The area, known as the Katahdin Woods and Waters National Monument, spans 87,500 acres of the state’s stunning northern woods. The area is named for Mount Katahdin, which is Maine’s highest mountain and is located within the adjacent Baxter State Park.
Katahdin Woods and Waters is open to the public 24 hours a day, year-round, according to the Portland Press Herald. It’s currently free, but the paper notes that the National Park Service could potentially charge entrance fees in the future.
Activities like camping, hiking, kayaking and skiing are allowed throughout the area, but hunting and snowmobiling are permitted only in select parts.
A video from the White House showcases the region’s beauty and notes that the president has helped conserve hundreds of millions of acres of land.
Many conservationists are characterizing the news as a win for nature, but not everyone is thrilled with the decision.
The land previously belonged to Roxanne Quimby, one of the co-founders of the personal care company Burt’s Bees. Quimby and her family have been trying to get the property converted into a national park for years, but have faced opposition from some local residents for a variety of reasons. Some want the land available to be used in the forest products industry ― an enterprise that once thrived in the region but has been steadily spiraling downward for years. Other locals don’t want to see activities like hunting and snowmobiling curbed. And some people simply don’t think the federal government is competent.

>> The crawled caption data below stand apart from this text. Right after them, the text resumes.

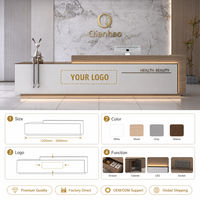 Comptoir de réception moderne avec finition dorée, panneau cannelé en MDF, plateau à niveaux multiples et base LED pour salon de manucure et bureau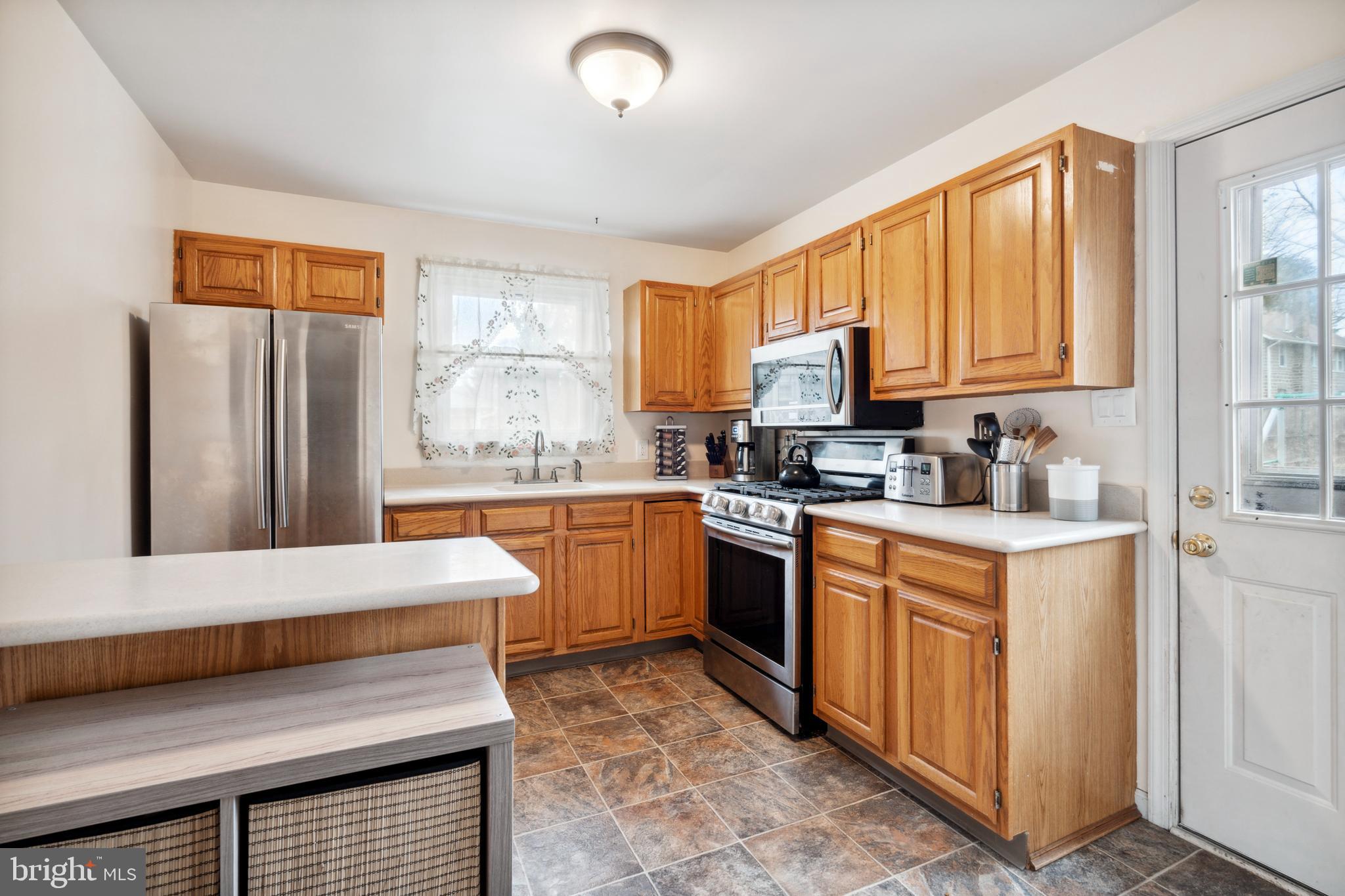 237 Fitzwatertown Road Willow Grove, PA 19090 - Photo 9 of 28 Kitchen
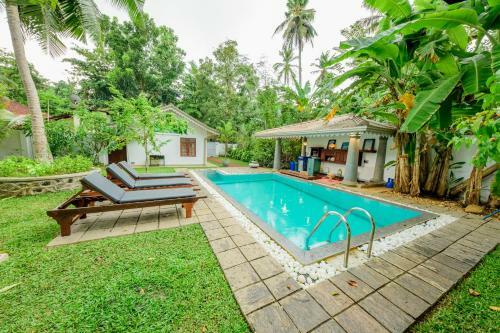 Villa Lotus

That’s one reason the area ended up as a national monument rather than a national park, the Portland Press Herald reports.
National monuments are similar to national parks — both are federally protected and managed. But while a national park can only be created through an act of Congress, a president can designate a national monument unilaterally through the power of the Antiquities Act of 1906. And according to the Press Herald, Quimby and her family couldn’t get Maine’s congressional delegation to introduce legislation to make the area a park.
That said, plenty of Mainers do support the decision. The Natural Resources Council of Maine, the state’s leading environmental group, is “thrilled” with the decision, executive director Lisa Pohlmann told Maine Public Broadcasting.
“We can think of no better way to celebrate the 100th anniversary of the National Park Service than with the addition of the wonderful Katahdin Woods and Waters National Monument,” she said.